Steam in boiling water for 15 minutes, then turn off the stove and let it sit for another 5-8 mins with lid on. The crabs turn bright orange when they’re done. They have to be steamed alive, because after they die toxins from their guts are released into the meat, and they’re no longer edible.
Before the crabs can be eaten, there’s a whole elaborate ritual that goes into dismantling them. Some people — my mom for one — can’t be bothered with this part, and just chews through the crab’s exoskeleton, but my dad is too refined for that. Richer households back in the day would have a fancy eight-piece set of tools specialized to dig meat out of all the different nooks and crannies. These tools have a classical pedigree, and are mentioned in the Qing Dynasty classic Dream of the Red Chamber.
My dad gets by with a pair of scissors, a small scraper (the plastic kind that a cheap bakery gives you for your fake cheesecake), and the crab legs themselves, which can double as scoops.
Onto the process: first, my dad cracks open the crab’s body and removes the lungs, heart and stomach, which are toxic. On female crabs, this is where the most treasured part of the whole experience can be found: a rich, slightly sweet yellow goo that many people mistake for roe.

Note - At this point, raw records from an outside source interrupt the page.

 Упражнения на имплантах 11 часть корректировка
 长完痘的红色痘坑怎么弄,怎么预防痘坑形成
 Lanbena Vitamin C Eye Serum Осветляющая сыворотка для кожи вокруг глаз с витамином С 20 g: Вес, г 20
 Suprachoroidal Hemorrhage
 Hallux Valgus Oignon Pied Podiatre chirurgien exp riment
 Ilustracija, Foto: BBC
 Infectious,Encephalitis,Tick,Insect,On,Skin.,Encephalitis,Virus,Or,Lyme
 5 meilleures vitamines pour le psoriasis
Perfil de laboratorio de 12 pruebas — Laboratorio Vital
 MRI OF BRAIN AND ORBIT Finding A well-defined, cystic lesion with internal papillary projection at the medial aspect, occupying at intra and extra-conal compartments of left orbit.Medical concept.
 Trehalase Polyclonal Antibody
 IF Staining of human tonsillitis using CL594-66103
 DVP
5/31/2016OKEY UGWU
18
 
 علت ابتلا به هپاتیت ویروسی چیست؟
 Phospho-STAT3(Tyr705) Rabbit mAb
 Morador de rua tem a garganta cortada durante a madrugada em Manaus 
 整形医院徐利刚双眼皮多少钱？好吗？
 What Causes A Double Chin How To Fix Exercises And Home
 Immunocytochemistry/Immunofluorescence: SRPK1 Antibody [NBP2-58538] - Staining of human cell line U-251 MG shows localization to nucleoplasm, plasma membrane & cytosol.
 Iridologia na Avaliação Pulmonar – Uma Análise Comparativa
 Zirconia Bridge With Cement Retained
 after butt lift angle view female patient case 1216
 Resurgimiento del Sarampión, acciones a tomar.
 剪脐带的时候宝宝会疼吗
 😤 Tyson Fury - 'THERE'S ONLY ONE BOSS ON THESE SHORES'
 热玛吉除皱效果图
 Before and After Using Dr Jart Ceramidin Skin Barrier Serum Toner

On males, there’s a thick transparent paste in the same spot — also good eats. These are the most nutrient-rich parts of the crab, very high in protein.
Next begins the painstaking process of digging out each morsel of crab meat. This is easier to describe in time-lapse:
More patience is required when moving on to the crab’s legs. My dad cuts them at the joints, then uses the pointy end of the leg to scoop out the meat within, which is dense and succulent in especially high-quality Yangcheng crabs. (Fun fact: the best of the best hairy crabs are identified by putting them on a flat plate of glass then raising it to an incline — only the strongest Yangcheng crabs have the leg muscles to climb up, while the rest slide down to the bottom.)
In the end, after all this meticulous effort, you get the prize: a small mountain of crab meat, served in a carapace, and usually quickly devoured with the ginger vinegar dip:
A little hairy crab research will take you to surprising places on the internet. In the process of writing this article I discovered that the transparent crab paste in a male is its accessory sexual gland and its secretion (often mistaken for sperm); the hardened orange goo in a female crab is its ovaries (often mistaken for roe), and the softer yellow parts in both male and female crabs are hepatopancreas. These are the most delicious and nutritious parts in hairy crabs.
For a born-and-raised Suzhou chick like me, the taste of hairy crab is interwoven with memories of family time — always patience-consuming, but always worthwhile, and you always go back for more.